Release Date: 2024-12-24


DOWNLOAD





This book features high-quality research papers presented at the International Conference on Computing and Machine Learning (CML 2024), organized by Department of Computer Applications, Sikkim Manipal Institute of Technology, Sikkim Manipal University, Sikkim, India during April 29–30, 2024. The book presents diverse range of topics, including machine learning algorithms and models, deep learning and neural networks, computer vision and image processing, natural language processing, robotics and automation, reinforcement learning, big data analytics, cloud computing, internet of things, human-robot interaction, ethical and social implications of AI, applications in healthcare, finance, and industry, computer modeling, quantum computing, high-performance computing, cognitive and parallel computing, cloud computing, distributed computing, embedded computing, human-centered computing and mobile computing.

Deep Learning with JAX


Deep Learning with JAX

Author: Grigory Sapunov

language: en

Publisher: Simon and Schuster

Release Date: 2024-10-29


DOWNLOAD





"The JAX numerical computing library tackles the core performance challenges at the heart of deep learning and other scientific computing tasks.

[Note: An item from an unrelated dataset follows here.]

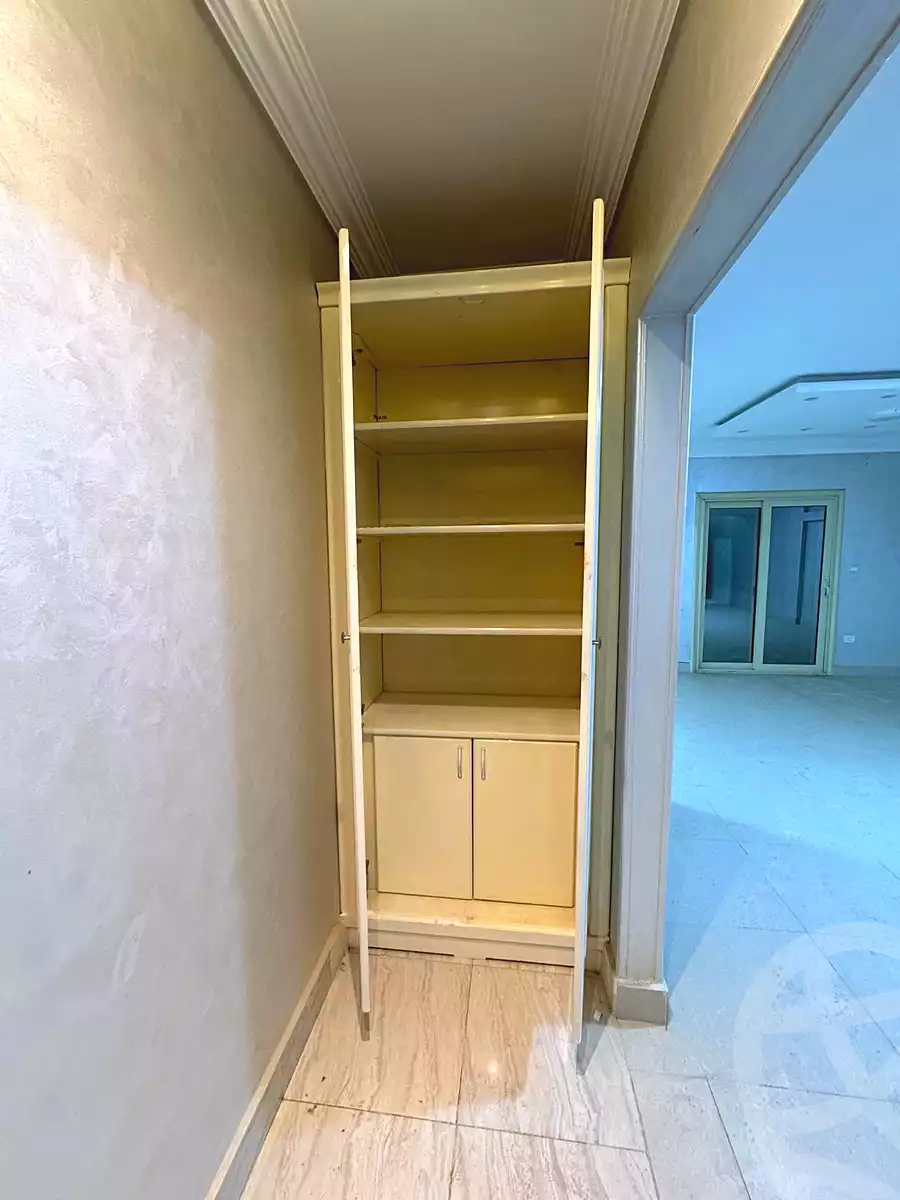 https://aqarmap.com.eg/ar/listing/7316581-for-sale-cairo-new-cairo-compounds-el-ashrafia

By combining Google's Accelerated Linear Algebra platform (XLA) with a hyper-optimized version of NumPy and a variety of other high-performance features, JAX delivers a huge performance boost in low-level computations and transformations. Deep learning with JAX is a hands-on guide to using JAX for deep learning and other mathematically-intensive applications. Google Developer Expert Grigory Sapunov steadily builds your understanding of JAX's concepts. The engaging examples introduce the fundamental concepts on which JAX relies and then show you how to apply them to real-world tasks. You'll learn how to use JAX's ecosystem of high-level libraries and modules, and also how to combine TensorFlow and PyTorch with JAX for data loading and deployment" --Publisher's description.